→ Exercise goal: Up to and including the line with "Maison - 161 m² - 6 pièces", output the records exactly as they appear.

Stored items
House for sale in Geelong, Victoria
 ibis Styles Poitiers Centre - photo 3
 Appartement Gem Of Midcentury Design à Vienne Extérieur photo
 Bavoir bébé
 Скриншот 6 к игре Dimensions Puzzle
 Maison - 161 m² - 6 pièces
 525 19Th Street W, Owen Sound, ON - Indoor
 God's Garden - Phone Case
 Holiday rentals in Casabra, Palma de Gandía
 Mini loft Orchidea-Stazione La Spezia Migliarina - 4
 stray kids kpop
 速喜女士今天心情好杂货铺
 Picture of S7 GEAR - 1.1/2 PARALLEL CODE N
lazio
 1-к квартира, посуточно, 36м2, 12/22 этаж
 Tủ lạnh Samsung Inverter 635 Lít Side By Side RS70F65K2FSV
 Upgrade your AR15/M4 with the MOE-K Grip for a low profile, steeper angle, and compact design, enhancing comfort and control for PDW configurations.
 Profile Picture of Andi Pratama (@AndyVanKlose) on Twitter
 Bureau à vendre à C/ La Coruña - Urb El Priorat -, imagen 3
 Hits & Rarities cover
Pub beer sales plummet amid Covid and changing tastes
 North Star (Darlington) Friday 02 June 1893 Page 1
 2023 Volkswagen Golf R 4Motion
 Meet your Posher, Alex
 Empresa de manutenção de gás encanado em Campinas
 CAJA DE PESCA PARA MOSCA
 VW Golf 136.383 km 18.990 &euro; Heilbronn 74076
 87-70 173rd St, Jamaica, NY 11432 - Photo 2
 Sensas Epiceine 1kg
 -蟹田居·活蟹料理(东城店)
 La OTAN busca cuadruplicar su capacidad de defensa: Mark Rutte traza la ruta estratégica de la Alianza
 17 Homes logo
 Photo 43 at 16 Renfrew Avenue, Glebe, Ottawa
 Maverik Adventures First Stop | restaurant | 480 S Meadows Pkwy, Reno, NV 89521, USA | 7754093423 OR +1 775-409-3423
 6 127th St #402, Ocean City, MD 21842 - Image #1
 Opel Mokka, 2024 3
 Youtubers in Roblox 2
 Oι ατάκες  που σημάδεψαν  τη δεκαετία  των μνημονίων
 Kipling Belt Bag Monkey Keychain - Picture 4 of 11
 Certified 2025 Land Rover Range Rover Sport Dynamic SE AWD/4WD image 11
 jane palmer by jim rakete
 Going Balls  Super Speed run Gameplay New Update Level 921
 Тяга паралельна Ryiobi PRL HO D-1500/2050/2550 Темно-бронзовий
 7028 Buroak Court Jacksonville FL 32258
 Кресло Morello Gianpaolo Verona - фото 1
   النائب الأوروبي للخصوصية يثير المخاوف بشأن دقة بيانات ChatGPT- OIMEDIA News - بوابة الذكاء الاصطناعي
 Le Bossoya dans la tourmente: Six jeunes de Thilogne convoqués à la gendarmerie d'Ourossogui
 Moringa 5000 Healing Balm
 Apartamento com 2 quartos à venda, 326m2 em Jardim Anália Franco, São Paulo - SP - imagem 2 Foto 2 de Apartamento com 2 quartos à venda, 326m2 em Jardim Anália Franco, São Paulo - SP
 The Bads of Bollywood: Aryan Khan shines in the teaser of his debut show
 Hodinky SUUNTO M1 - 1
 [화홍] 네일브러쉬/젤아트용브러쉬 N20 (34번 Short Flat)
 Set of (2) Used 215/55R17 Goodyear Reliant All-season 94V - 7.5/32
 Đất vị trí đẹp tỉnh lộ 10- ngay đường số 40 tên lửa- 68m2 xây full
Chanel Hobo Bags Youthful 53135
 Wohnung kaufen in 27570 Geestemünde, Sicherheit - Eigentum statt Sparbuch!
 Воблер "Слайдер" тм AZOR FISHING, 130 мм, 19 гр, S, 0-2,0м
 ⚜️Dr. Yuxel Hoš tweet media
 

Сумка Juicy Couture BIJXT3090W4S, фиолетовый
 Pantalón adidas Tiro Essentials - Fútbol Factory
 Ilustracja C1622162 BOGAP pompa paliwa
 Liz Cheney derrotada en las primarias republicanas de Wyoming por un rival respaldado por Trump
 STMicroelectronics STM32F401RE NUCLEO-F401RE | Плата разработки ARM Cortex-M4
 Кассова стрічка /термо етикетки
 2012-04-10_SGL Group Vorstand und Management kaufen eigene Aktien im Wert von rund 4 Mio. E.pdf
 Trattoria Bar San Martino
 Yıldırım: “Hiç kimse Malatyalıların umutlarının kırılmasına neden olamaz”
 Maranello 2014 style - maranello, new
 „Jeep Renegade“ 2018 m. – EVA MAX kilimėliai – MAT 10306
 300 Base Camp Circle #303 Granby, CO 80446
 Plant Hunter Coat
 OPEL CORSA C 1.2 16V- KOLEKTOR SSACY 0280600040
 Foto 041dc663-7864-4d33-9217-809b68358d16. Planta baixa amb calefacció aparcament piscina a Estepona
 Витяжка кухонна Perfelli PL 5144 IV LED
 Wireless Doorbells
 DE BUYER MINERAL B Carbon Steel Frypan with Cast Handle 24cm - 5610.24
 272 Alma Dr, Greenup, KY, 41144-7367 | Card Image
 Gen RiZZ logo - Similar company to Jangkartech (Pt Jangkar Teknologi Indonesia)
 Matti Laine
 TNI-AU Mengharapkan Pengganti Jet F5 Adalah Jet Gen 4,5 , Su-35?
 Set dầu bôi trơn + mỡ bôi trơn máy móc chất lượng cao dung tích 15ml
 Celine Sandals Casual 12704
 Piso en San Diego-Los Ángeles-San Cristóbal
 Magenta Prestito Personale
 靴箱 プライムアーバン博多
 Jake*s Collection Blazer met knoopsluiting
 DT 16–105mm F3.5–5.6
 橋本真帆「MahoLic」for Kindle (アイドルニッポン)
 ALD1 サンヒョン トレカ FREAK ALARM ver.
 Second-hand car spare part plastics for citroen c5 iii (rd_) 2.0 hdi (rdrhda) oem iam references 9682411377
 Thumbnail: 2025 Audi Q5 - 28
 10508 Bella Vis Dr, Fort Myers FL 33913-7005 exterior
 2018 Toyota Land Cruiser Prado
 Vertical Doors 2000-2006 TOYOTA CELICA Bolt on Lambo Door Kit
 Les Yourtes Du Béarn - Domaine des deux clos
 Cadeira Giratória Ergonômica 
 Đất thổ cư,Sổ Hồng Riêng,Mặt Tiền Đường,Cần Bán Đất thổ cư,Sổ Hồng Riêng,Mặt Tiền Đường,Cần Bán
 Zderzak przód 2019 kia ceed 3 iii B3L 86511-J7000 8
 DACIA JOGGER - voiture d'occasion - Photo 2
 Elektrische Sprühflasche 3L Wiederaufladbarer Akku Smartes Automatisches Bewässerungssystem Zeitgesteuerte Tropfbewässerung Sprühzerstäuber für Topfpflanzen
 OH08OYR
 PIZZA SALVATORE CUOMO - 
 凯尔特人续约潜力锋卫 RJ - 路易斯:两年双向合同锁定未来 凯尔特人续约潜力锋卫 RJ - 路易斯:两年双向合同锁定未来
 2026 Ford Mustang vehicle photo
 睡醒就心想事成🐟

→ Answer:
House for sale in Geelong, Victoria
 ibis Styles Poitiers Centre - photo 3
 Appartement Gem Of Midcentury Design à Vienne Extérieur photo
 Bavoir bébé
 Скриншот 6 к игре Dimensions Puzzle
 Maison - 161 m² - 6 pièces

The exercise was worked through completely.